LOS ANGELES AIR FORCE BASE, Calif. -- Dr. William Roper, assistant secretary of the Air Force for acquisition, technology, and logistics, visited the Space and Missile Systems Center (SMC) to discuss the future of space acquisitions, Feb.6.
As the Department of the Air Force Service Acquisition Executive, Dr. Roper is responsible for and oversees Air Force research, development and acquisition activities totaling over $60 billion for more than 550 acquisition programs. Dr. Roper serves as the principal adviser to the Secretary and Chief of Staff of the Air Force for research and development, test, production and modernization efforts.
During his two-day visit, Dr. Roper held a town hall where he stressed the duty to continually drive innovation and ‘plant seeds’ for the future generations of space acquirers. He emphasized that failure is a step to success and success without failure means, “you didn’t take enough risk.”
“Space acquisition is amazing, and early on in this job, looking for where there was an appetite to innovate, to change, and try to compete, it was clearly at this center,” said Roper.
“I wish we could talk more broadly about our space programs.
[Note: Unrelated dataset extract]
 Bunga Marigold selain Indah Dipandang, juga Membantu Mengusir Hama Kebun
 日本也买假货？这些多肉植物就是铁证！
That’s a real hindrance for us. Classification, I think, holds us back from talking about a lot of wonderful things that are happening in this portfolio,” said Roper during the town hall. “But when you pull back the curtain and look at what’s happening in the space portfolio, it makes me excited about what could be ‘SMC 3.0’ and ‘4.0,’ because if you think that ‘[SMC] 2.0’ is the end, it can’t be. There is no telling where the competition is.”
Roper is worried about the way the current acquisition system works in this century to compete against other peer countries like China. “They’ve got the focus. They’ve got the economy. They’ve got the technical know-how,” said Roper. “They’re not ten feet tall, but they’re the real deal.”
During his visit, Roper met with junior workforce members, as well, where they discussed industry best practices and innovative ideas that can facilitate lean and agile space acquisitions to outpace adversaries.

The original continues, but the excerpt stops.